I was a Presidential Innovation Fellow in 2013, part of Round 2. I was recently asked what is it like day-to-day? This is based on my own personal experience. Note that the day-to-day was very different for fellows in more business-focused roles. Our group had fellows who had very different initiatives, like optimizing how our government invests or working to secure industry support for open data. My day-to-day experience is most relevant to folks with a deep technical, design or product background, but some of the general takeaways may be interesting to anyone considering applying.

Jason, Sarah and Diego prepping for a meeting

Working at an Agency

Every Presidential Innovation Fellow actually works for a specific agency (or other governmental organization) on a specific project. The projects are designed to be ambitious and broadly defined in an area where President Obama, his staff and the agency believe that innovation can and will make a big difference. Agencies actually compete for the opportunity to be a part of this program. For my fellowship, I worked for the Smithsonian Institution as part of the White House Open Data Initiative (there were 14 of the 43 fellows who were focused on open data, which was a pretty big deal last year and still is). Since Open Data was so big, we were split up into “themes” and Smithsonian was grouped with NSF and Dept of Ed.

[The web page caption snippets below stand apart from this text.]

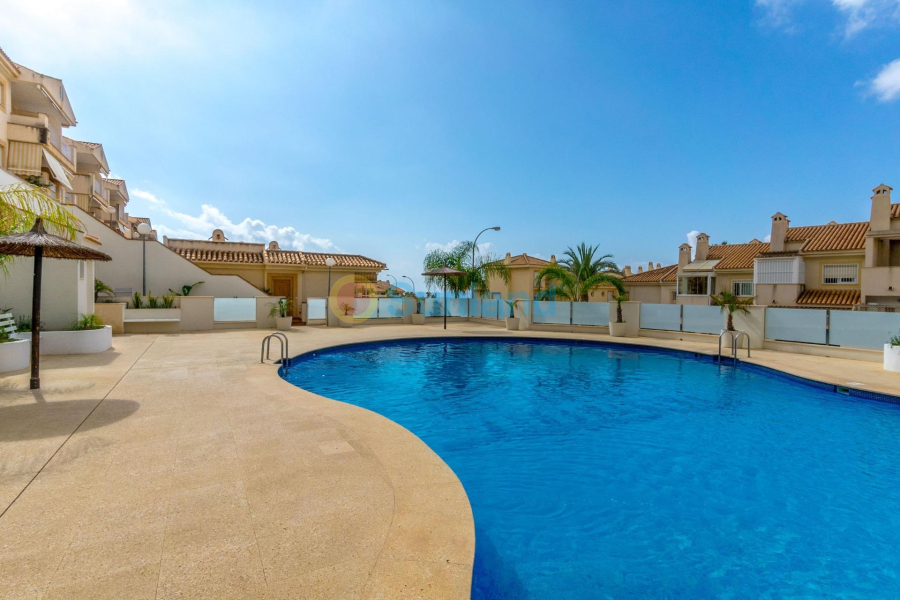 Resale - Apartment - Orihuela Costa - Campoamor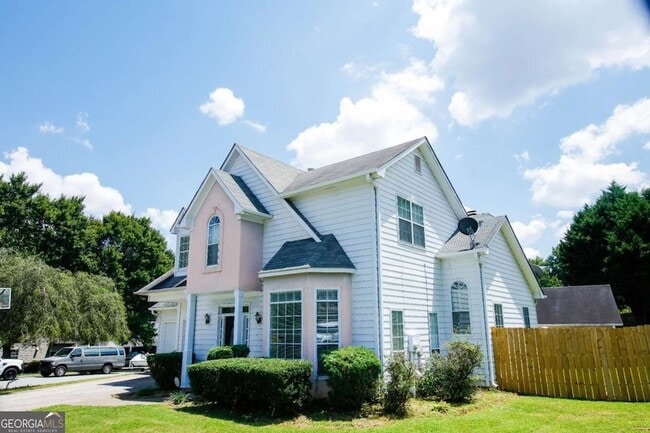 Building Photo - 4130 Wildridge Dr
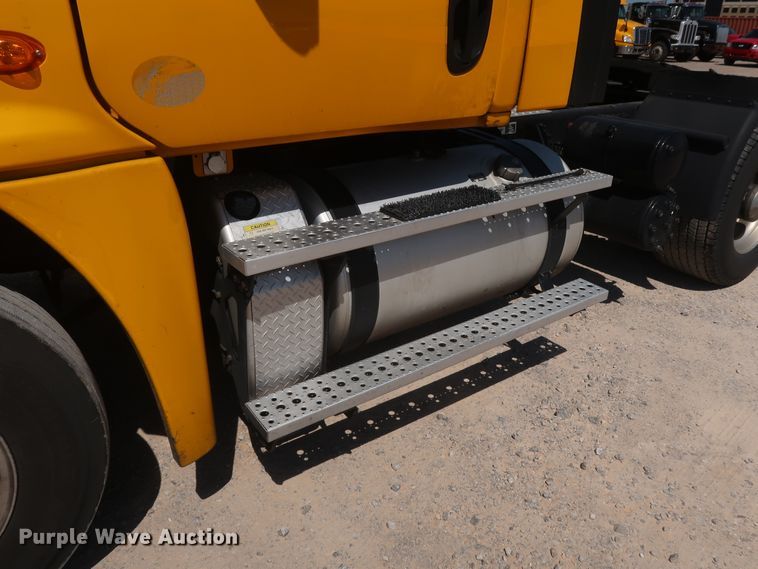 image for item HA9129 2017 Freightliner Cascadia 125  semi truck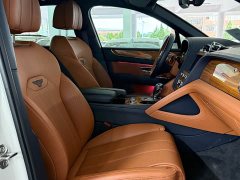 Bentley Bentayga 4.0T V8 - ფოტო 4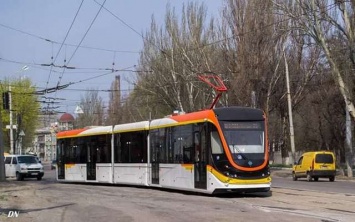 На уникальных подъемах Днепра испытывают новейшие низкопольные трамваи
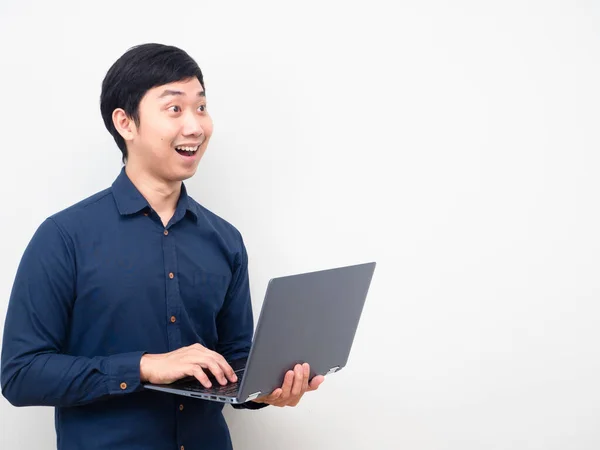 Man Holding Laptop Feeling Amazed Looking Copy Sapce — Zdjęcie stockowe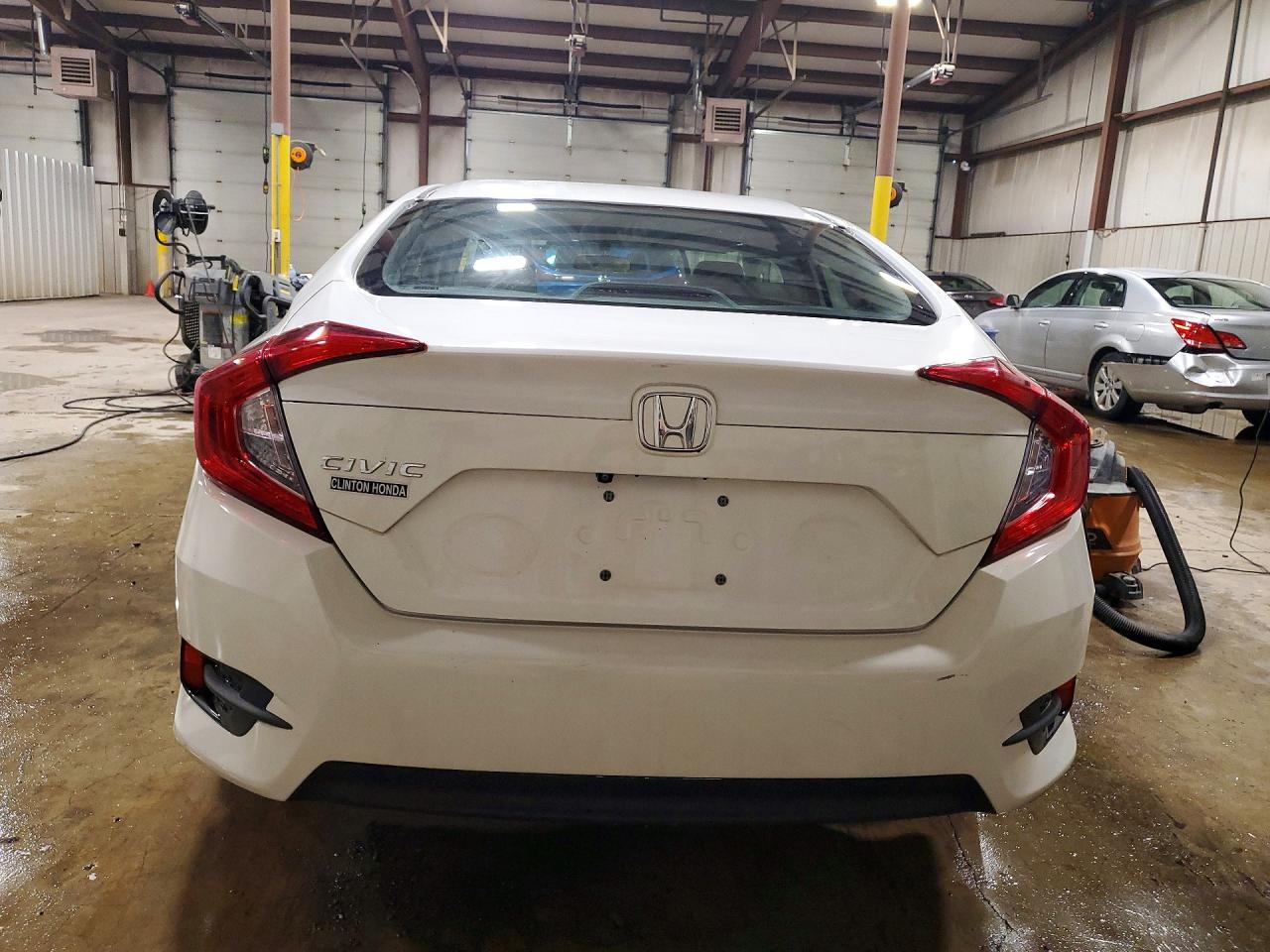 2017 HONDA CIVIC LX photo 11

Teams include Fellows and Agency Partners

I was part of a group of 3 fellows at the Smithsonian, working closely with their core tech team (which they call OCIO, Office of the Chief Information Officer — lots of acronyms in government). Jason Shen and I worked on a crowdsourced transcription website, and Diego Mayer-Cantu worked on accelerating digitization, which was related to our work but not working with us every day. The two Presidential Innovation Fellows at Dept of Ed worked one block away — we had one official meeting with them in the summer, but brainstormed a lot informally at times. The NSF Fellow, Bev Woolf, is this amazing women who was a CS Professor from UMass, who I had dinner with whenever I was in town since I was just so inspired by her personally. She got her PhD when I was still an undergrad. She is full of energy and passion to bring proven education teaching methodologies (funded by our tax dollars) to students, making private industry aware of NSF-funded research. I helped brainstorm how she might facilitate an event she was planning.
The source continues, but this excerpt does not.